I remember way back when I first started trying to create a business for myself that I’d eagerly seek out stories of others who had done the same, looking for trends so that I could replicate their success. There are of course hundreds of these and it didn’t take me long to find a couple examples that mirrored my own experiences. The common thread that I found amongst them all was that overnight success never happens overnight and that more often than not you’ve got a few solid years of working on something before it starts to get traction. That was a revelation in itself for me since I had always ascribed much of the success of these kinds of people to luck or something I had no control over.
Of course over the past 2 years I’ve seen nearly every inspirational story there is to see and read thousands of articles on how to build a successful business. Sure many of them have been helpful but recently I’ve found myself deliberately avoiding any success stories or how I did it articles, finding them to be rather tedious and uninformative. Indeed the vast majority of them are usually a bunch of high level waffle of how they do this or that, with those things usually being one of the industry hype terms of the time. There are of course notable exceptions who attempt to give you real actionable advice but even they fall prey to make things so general as to be useless to anyone.
It feels like I’m suffering from some major inspiration fatigue. Back in the early days these stories of success pushed me to keep on coding on those days when I felt I was being less than useless, knowing that if I kept at it that eventually I’d have something of value to release upon the world. After failing to attract attention both from Y-Combinator and the general public with my Lobaco beta these stories of success started to seem more like the exception than the rule. I fast became disillusioned with all these inspiring tales of how success followed their hard work, instead wanting the real meat of what they did in order to achieve success.

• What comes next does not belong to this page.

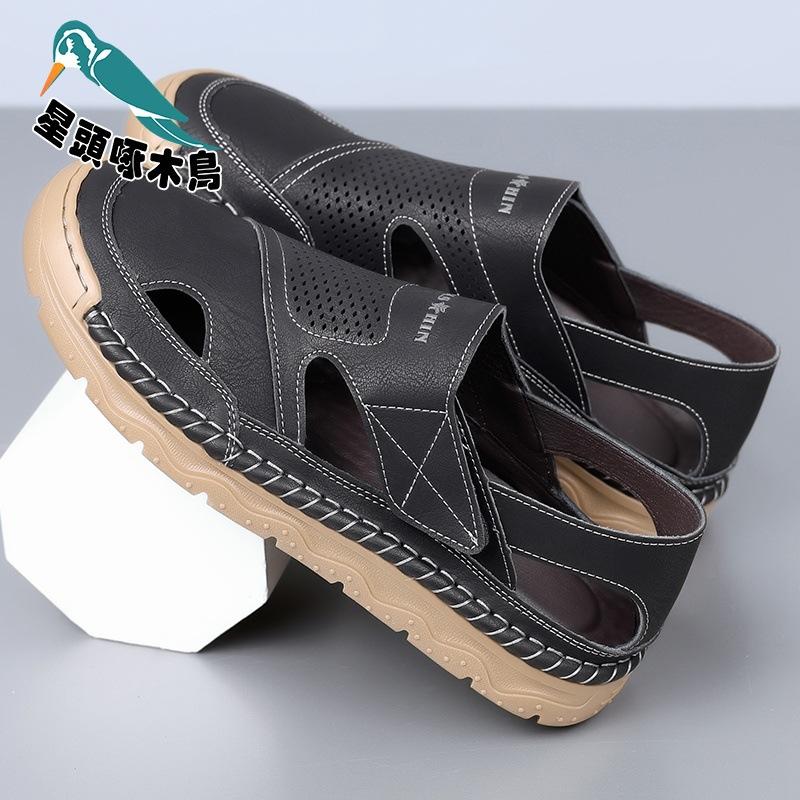 Sandals summer new men's shoes hollow breathable soft sole hole shoes men's casual wear non-slip shoes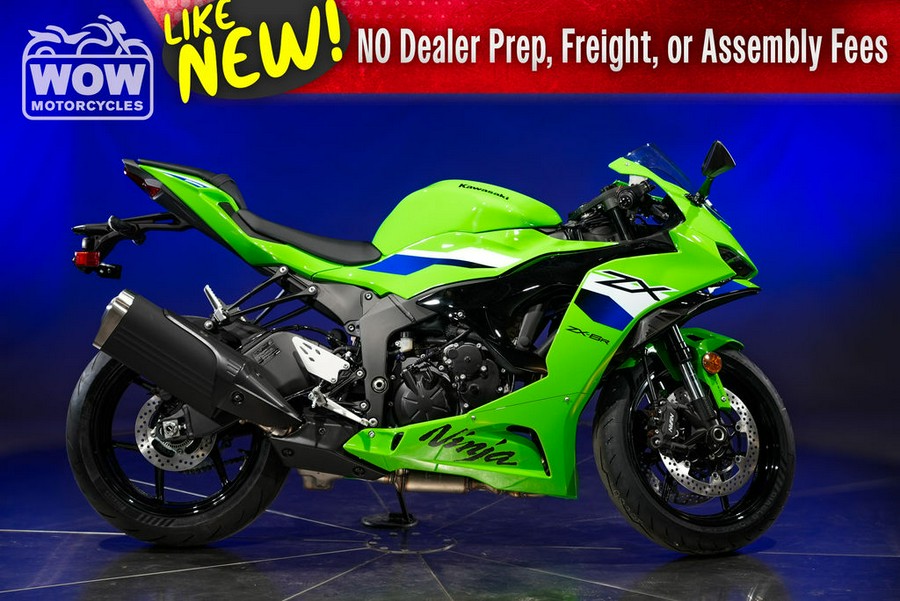 2026 Kawasaki ZX-6R NINJA ZX6R 600 636 ABS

Maybe its more that I’m at a point where I know that there’s the possibility of success out there and hearing about it no longer helps to inspire me to achieve it. Perhaps its the realization that there’s thousands upon thousands of much more talented developers out there working on their own ideas that are much better than my own. In any case I can no longer take comfort in the just the mere idea that success awaits those who put in the effort and will only be content upon its realization.
Or maybe its just a slow news day and I had nothing better to write about, you can be the judge on that one.